無理なことは強制しないといふ習慣がなぜ日本社会にないかといへば、明治維新以降世の中が急激に変化したからだ。更に高度経済成長で急激に変化したからだ。ところが山口氏は
建前や大目標が支配する空間における精神主義の病理が露呈した結果だと、私は考えている
と精神主義のせいにした。昨日も述べたように精神主義の本来の意味は、物質主義と唯物論の対義語である。そこをあいまいにしたままで根性論の意味で使ひ、それでゐて読者には精神主義が悪いような印象を与へる。実に手の込んだ工作である。
山口氏ではないが数年前まで似たような工作がもう一つあつた。文明と文化の定義をあいまいにしたままで、日本文明、日本文明とさかんに使ひ日本を脱亜入米しようとした連中である。しかし福沢諭吉ではあるまいしすることが古過ぎた。どちらも根底にあるのは日本を更に西洋化することである。だから山口氏は
先の大戦でも表れたように、日本人は成算なしに頑張ることが好きである。(中略)付いていけないヘタレには、暴力で精神を注入しようとする。
と丸山真男ばりに日本批判西洋賞賛に向ふ。
二月六日(水)「目先の利益しか見ない」
山口氏はその次に
戦争に負けた後も、目標が利益追求や試合での勝利に代わっただけで、この精神主義は持続してきた。

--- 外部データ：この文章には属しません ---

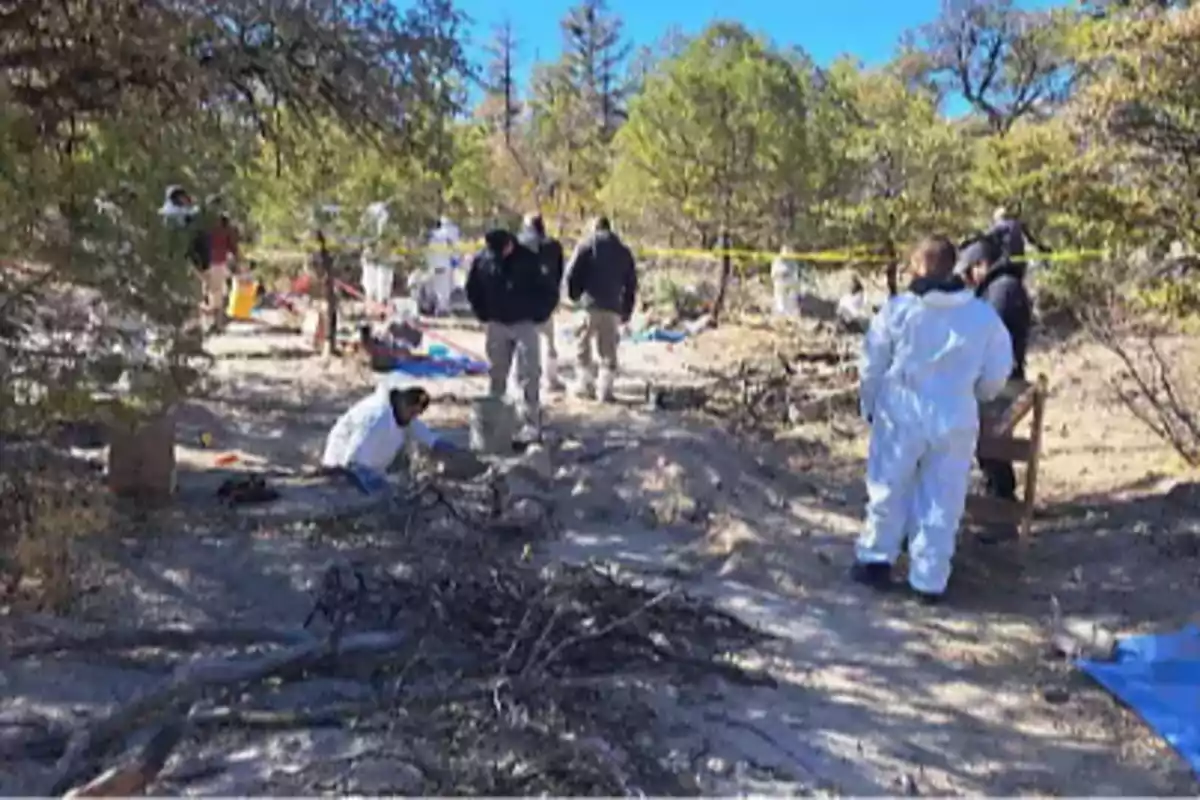 Un grupo de personas con trajes de protección trabaja en una escena al aire libre rodeada de árboles y cinta de seguridad.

と続けるが、西洋がなぜ帝国主義になつたかといへば生産力が急激に増大し世界秩序が追ひつかなかつたためだ。日本がなぜ戦争に負けたかといへば、根底は西洋の猿真似だからだし、小さな軍事衝突に過ぎなかつた日華事変に対し先のことを考へず背後に米英がゐることを考へずに拡大したからだ。中国国民の反日感情がなぜ高くなつたかは、将来を考へず二十一ヶ条を突きつけるからだ。

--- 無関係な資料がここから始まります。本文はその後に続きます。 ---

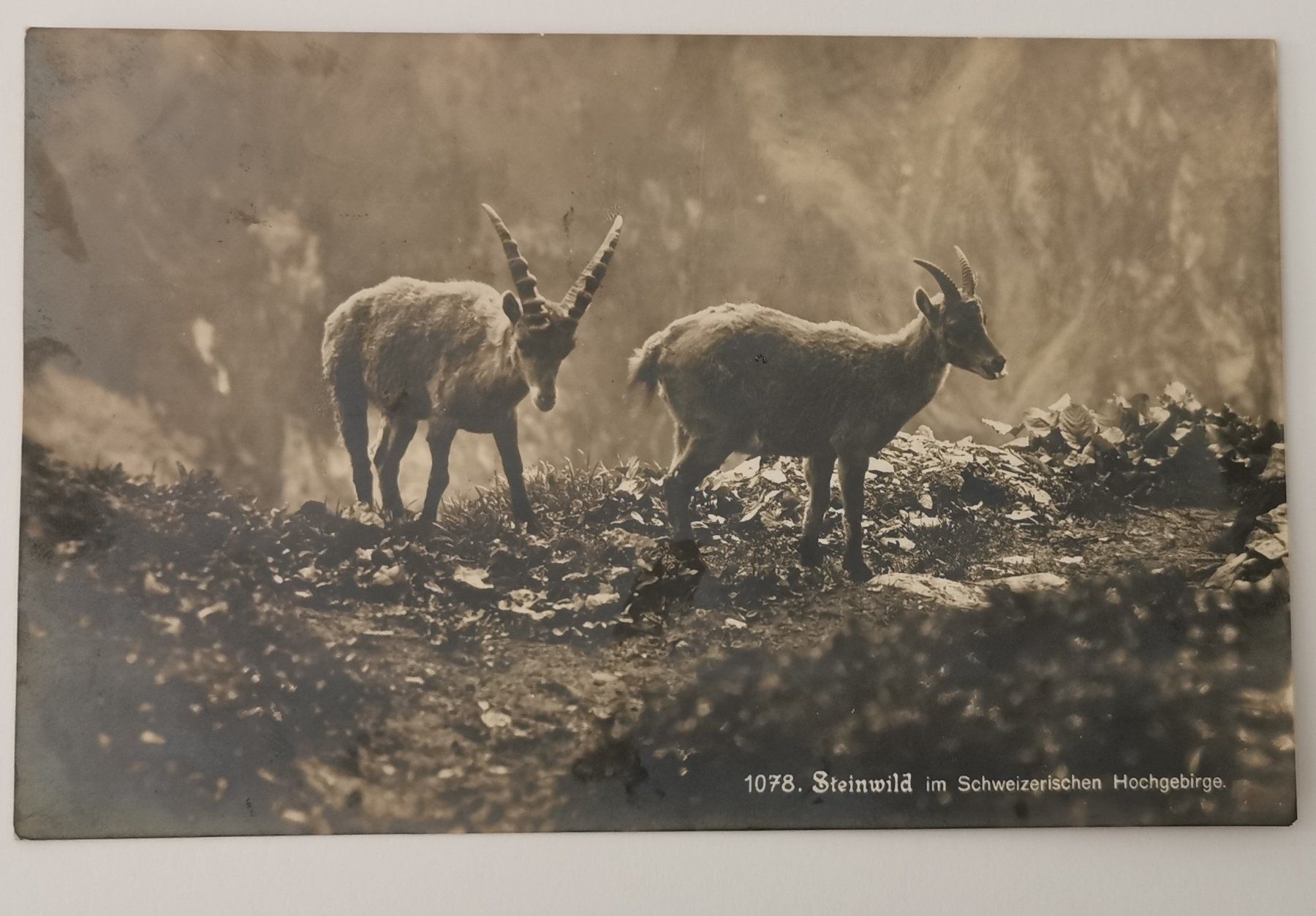 Cartes postales: 1915 – D'occasion à Aadorf par Chnorli-Furz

日本は戦争に負けた後は、確かに利益追求や試合での勝利に代はつただけで視野が狭い。しかし西洋が帝国主義に至つた原因と日本が敗戦に至つた原因を考えず、精神主義のせいにする山口氏は同じく視野が狭い。
二月七日(木)「不信感の根源は菅直人だ」
山口氏はコラムの最後の段落で
結局、社会の根底にあるのは、人間の自発性に対する不信感と、合理的な動機付けを無視する発想である。人間の尊厳を守るということをわれわれはどこまで真面目に考えているのか。
と書いた。しかし菅、野田のやつたことは「人間の自発性に対する不信感」に留まらない。「人間に対する不信感」である。それなのに山口氏は二人、特に菅に肩入れをする。根底にアメリカ式の新自由主義がある。それは「合理的な動機付け」といふ表現に表れる。経済利益や社会的名誉を求めて競争をすることこそ「合理的な動機付け」だからだ。(完)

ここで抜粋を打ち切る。